__WHAT TO PRODUCE__
Print exactly the lines below between the line holding "Red and black" and the line holding "Middle age hispanic", inclusive, and nothing more.

__DATA FOR THIS TASK__
++++++

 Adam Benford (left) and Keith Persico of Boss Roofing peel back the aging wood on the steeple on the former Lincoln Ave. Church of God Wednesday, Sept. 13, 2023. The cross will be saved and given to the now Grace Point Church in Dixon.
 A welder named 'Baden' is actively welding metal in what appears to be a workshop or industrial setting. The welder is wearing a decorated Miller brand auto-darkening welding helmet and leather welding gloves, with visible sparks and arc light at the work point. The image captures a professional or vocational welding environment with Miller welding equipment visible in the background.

++++++

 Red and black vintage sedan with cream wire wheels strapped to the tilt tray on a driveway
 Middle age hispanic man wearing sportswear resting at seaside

++++++

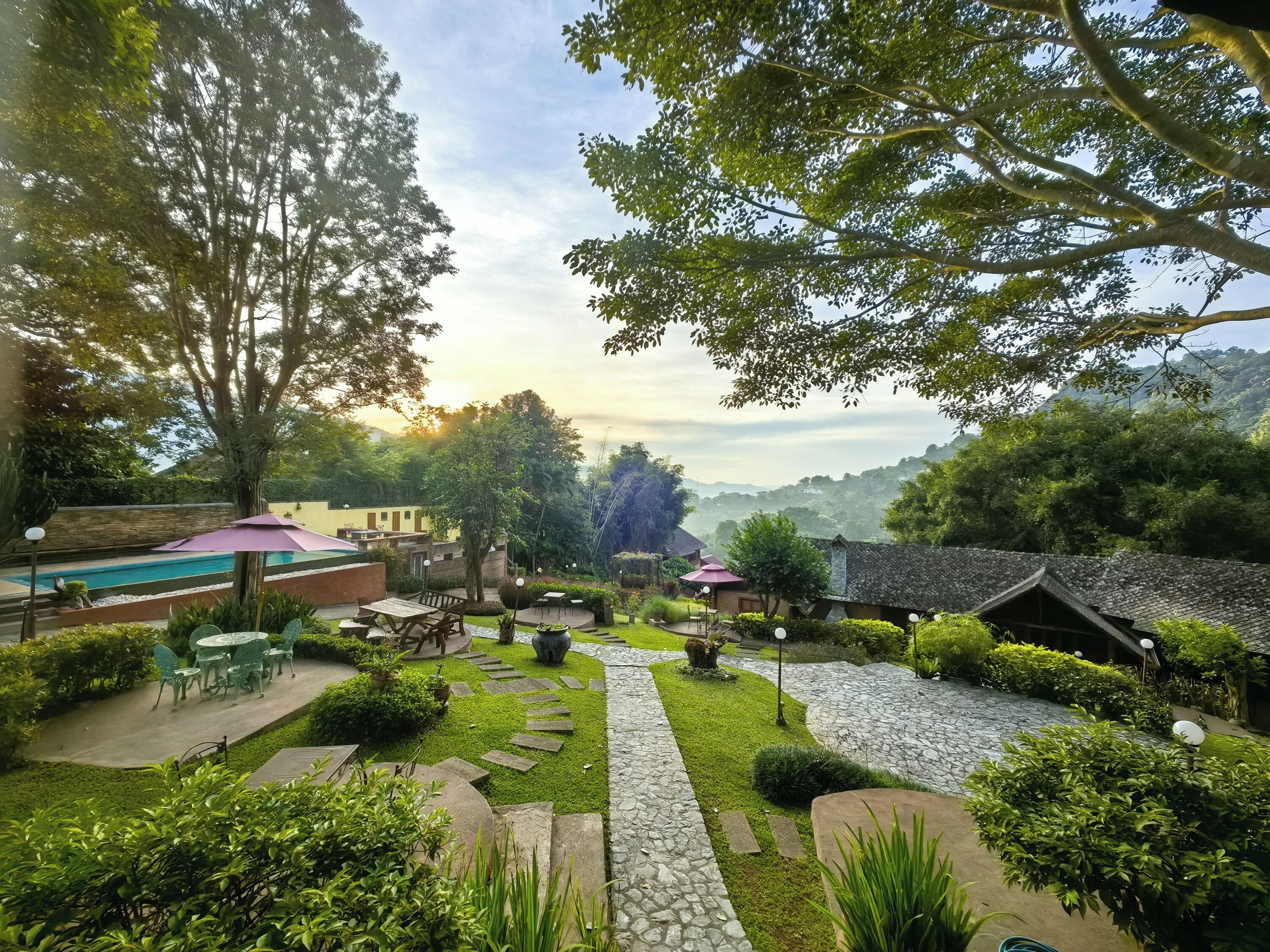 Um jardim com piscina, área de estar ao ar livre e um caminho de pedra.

++++++

__OUTPUT OF THE TASK__
 Red and black vintage sedan with cream wire wheels strapped to the tilt tray on a driveway
 Middle age hispanic man wearing sportswear resting at seaside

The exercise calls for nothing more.